Watching Locked Up Abroad you realize that everyone has the same story:

“I was smuggling contraband because I was young and felt invincible–I got caught—how am I going to tell my Dad?—(sniff)—Prison was hell—you’ve got to be strong—My parents forgave me and pulled some strings—etc.”

This makes me question the assumption our culture shares about how “unique” each person really is. I mean, these people are living on the knife-edge of danger, experiencing the exhilarating rush of adventure and adversity that makes each moment seem so intense and life so special—and it’s all the same! Even the superlatives I just used to describe it are clichés distilled from a mash of everyone “who’s ever really lived.”

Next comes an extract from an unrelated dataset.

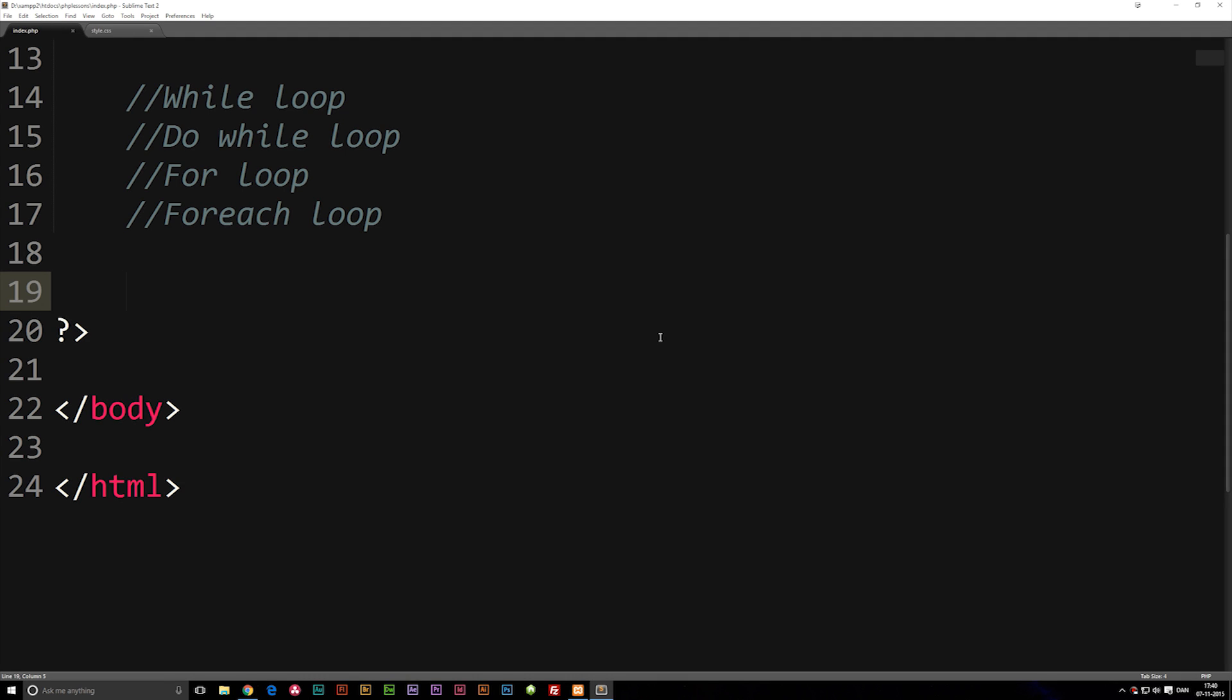Today we're going to talk about something called a for loop inside PHP. A for loop is a little bit different than a while loop, which we talked about in the past two episodes, because in a while loop we don't know how many times we're going to loop something out. But in a for loop, we know exactly how many times we're going to loop something beforehand.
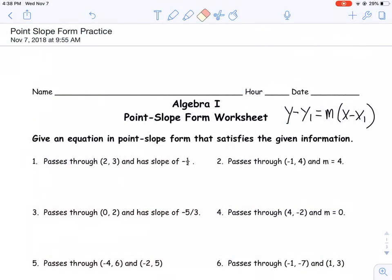Hi, tonight I'm going to be walking you through the point-slope-form practice homework assignment. You'll notice that there is an answer key that will be included, but I wanted to walk you through some of the examples as well, so you can get an idea of where these answers came from.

And if those people aren’t unique, how unique are we, sitting on our safe fat asses at home?

Obviously, this is not the lesson intended by the producers of the show.

Another lesson I’m sure they did not intend to convey was how to smuggle drugs properly:

You need fifteen “mules.” Fourteen of the mules are decoys, strapped to the gills beneath their clothing with packages of baby powder or some other legal substance—no cocaine or heroin at all—trying their damnedest to fit the profile of a drug smuggler.

[Singing out loud with his headphones, to the tune of “Hey Hey We’re the Monkees”]:

Hey hey I’m a smuggler!
People say I’m smuggling around
But I’m too busy smuggling
To put any Federales down…

At the airport, the fourteen fake mules are located in the front and back of the lines, easily picked off by law enforcement. None of the fake mules actually knows who the real mule is or even what contraband is being smuggled–all they’ve been told is “Go down to South American and strap some legal products to your body and we will pay you $10,000.”

Plausible denial, baby!

Overwhelmed by so many fake mules with so much apparent cocaine, all of which has to be tested (“Hey, you forgot to check this package!”), the real mule slips by on his or her way.